The architecture involves the following components:
- Customization with the kv store consul. Deployed on Gateways.
- Condition which can write and read from the kv store.
The problem to solve is to give entitlement scripts and conditions a way to keep state between runs since they cannot keep state or create claims [1]. The kv store allows to store/retrieve data necessary for the logic to expand. A simple use case could be setting flags to, example true|false
, to be carried on to be used in a later run or in a other condition/entitlement script (e.g create an external claim).
This demonstrate the feasibility of consul as data store. The kv data store can be used for example in keeping stateful information during a session. The kv store can be read/written in for example a condition. The provided configuration can be summarized as:
- Consul is running on single node.
- There is no security configured
- It has not been investigated how it scales
- Logging is set to INFO (syslog destination)
- The JS is an example how to read/write per session with a session-key.
Read the documentation how customization work before continuing.

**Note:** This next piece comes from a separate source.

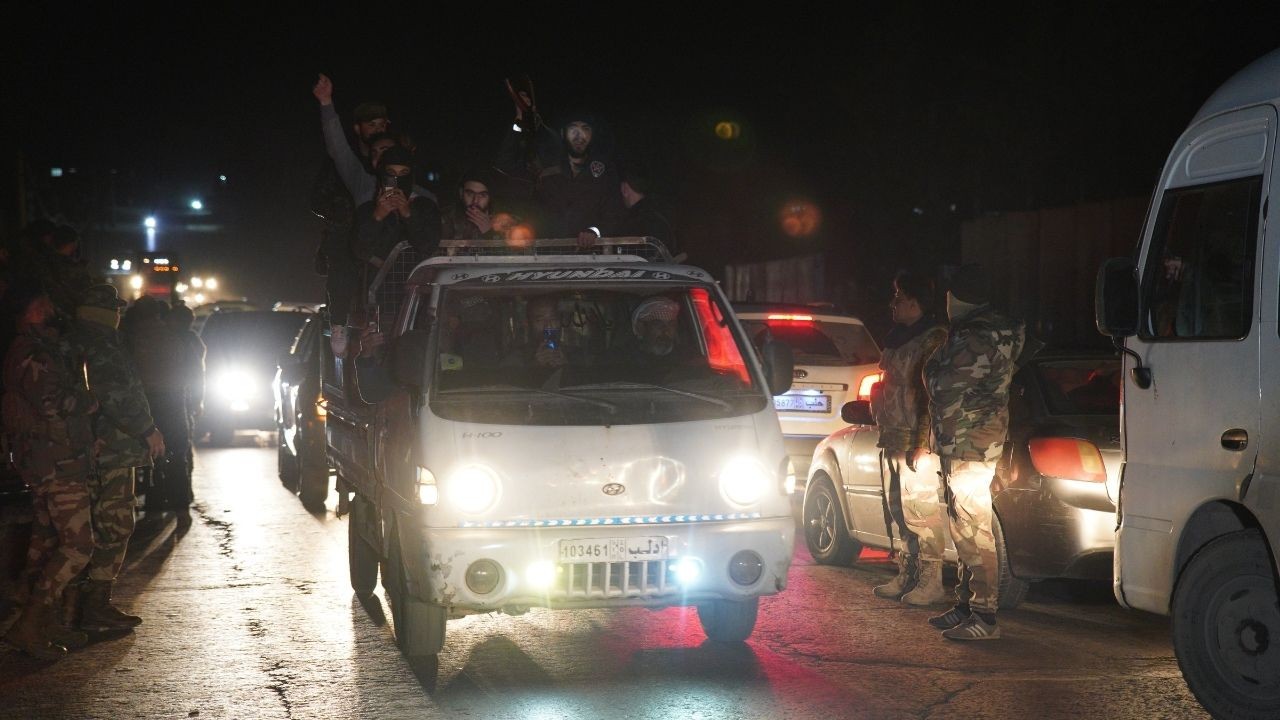 Suriye'de uzun gece: Ordu Lazkiye'de, 70'ten fazla ölü, çok sayıda yaralı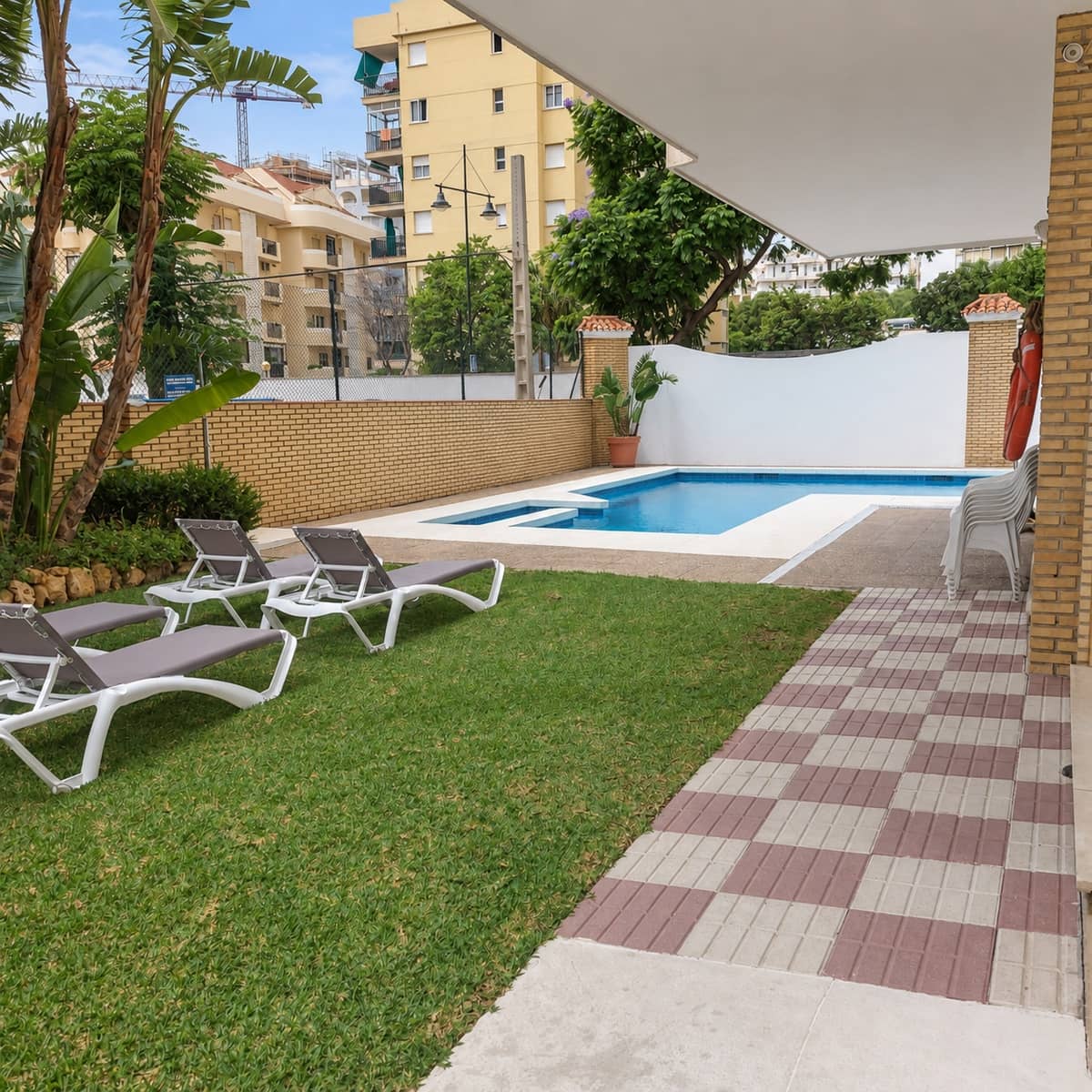 2 chambre Appartement à vendre à Fuengirola avec piscine - 350 000 € (Ref: 10057966)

- Clone this repository, and cd into it.
- Download the latest binary https://www.consul.io/
- Save it as
customization/data/bin/consul
- Save it as
- Create the customization zip-file:
$cd customization
$zip -r consul_customisation.zip *
The customization has the following structure prior to zipping it:
.
├── data
│ ├── bin
│ │ └── consul <the consul binary>
│ └── consul.d
│ ├── config.json <consul config>
│ └── scripts <currently not used>
├── start <start script>
└── stop < stop script>
Now upload the customization Scripts > Appliance Customizations. On the appliance setting you can choose to deploy the customization.
See the condition.js
for details. It basically writes and reads at the same time to the store and shows a result in the console.log
when running with the test button.
When testing a condition script, remember the script is always executed on the controller, so you would need to have it running on the controller as well.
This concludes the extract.